The behaviour is also misleading when specifying a fixed_model_name that has not the required date format, as requests will not work at all then.
E.g. config
{
"pipeline": "spacy_sklearn",
"language": "en",
"path": "./projects",
"fixed_model_name": "model_en_deploy",
"data": "data/test.json",
"port": 5000
}
with query
curl -X POST \
http://localhost:5000/parse \
-H 'content-type: application/json' \
-d '{
"q":"I am looking for blue jeans"
}'
results in
{
"error": "time data 'en_deploy' does not match format '%Y%m%d-%H%M%S'"
}
@tmbo: it looks like an enhancement to me, not really a bug. To begin with:
The behaviour is also misleading when specifying a fixed_model_name that has not the required date format, as requests will not work at all then.
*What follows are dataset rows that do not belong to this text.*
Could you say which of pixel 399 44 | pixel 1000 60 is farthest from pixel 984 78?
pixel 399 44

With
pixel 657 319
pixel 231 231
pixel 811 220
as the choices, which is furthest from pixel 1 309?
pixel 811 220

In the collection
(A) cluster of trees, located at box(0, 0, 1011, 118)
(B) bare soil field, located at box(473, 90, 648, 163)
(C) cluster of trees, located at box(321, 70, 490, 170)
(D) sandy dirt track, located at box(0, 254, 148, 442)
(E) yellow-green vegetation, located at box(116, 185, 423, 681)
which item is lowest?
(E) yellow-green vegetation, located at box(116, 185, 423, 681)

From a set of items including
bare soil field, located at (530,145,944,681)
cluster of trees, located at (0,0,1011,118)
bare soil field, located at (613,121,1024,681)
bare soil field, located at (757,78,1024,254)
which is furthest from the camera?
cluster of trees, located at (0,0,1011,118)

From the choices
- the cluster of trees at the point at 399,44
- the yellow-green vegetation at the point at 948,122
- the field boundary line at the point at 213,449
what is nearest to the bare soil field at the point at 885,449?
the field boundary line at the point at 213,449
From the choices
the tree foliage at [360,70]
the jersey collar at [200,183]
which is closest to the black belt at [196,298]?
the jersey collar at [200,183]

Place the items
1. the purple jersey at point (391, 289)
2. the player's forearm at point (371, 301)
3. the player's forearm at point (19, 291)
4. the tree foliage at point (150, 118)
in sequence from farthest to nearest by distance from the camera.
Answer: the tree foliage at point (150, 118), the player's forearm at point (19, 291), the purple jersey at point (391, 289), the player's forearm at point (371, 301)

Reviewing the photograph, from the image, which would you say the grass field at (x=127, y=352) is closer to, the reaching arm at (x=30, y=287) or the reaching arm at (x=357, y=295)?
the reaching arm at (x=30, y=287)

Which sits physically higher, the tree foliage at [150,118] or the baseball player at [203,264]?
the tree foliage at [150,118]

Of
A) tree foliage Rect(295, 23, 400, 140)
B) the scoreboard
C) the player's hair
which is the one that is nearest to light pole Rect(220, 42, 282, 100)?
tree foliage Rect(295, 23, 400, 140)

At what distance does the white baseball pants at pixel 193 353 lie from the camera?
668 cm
It's not that misleading: you're not supposed to have custom model names as models only represent a snapshot of a project: you have for instance an English speaking customer support chatbot project you named "en_customer_support", the "model_XXXXXX" and "model_YYYYYY" just represent two versions of this same chatbot project. Models are a way to version your project so you're not supposed to ask for "en_deploy" as a model.
As for setting a "fixed_model_name", more generally it would be interesting to have some per project metadata specifying the default model to use, the language, the pipeline and if the project is production ready or in development.
@PHLF if you are not supposed to have custom model names, a fixed_model_name configuration seems misleading to me..
In terms of ensuring that you deploy a certain model, which might not be the most current, it would be helpful to specify its name in the configuration, and throw an error if this model is not available, without a fallback to the latest model
Just to be sure, do we both agree that "fixed_model_name" is currently not a genuine parameter name ?
Edit: my bad, it is. I missed that. I don't really know when this was added, but I think it would be better to set a default model per project to override the latest model train being the default one: that would solve @clennan's issue.
It wouldn't be misleading even if you don't have a custom model name as it would allow you to specify the model you want to use as a default for a given project: "fixed_model_name": "model_MMDDYYYY".
As for throwing an error, a fallback means what it means: it allows you to deliver your service in a worst case scenario, because maybe at some points the models may be stored in a separate DB that gets corrupted and the server is not able to find the right model anymore. Moreover there is currently a server side warning when the server uses a fallback model.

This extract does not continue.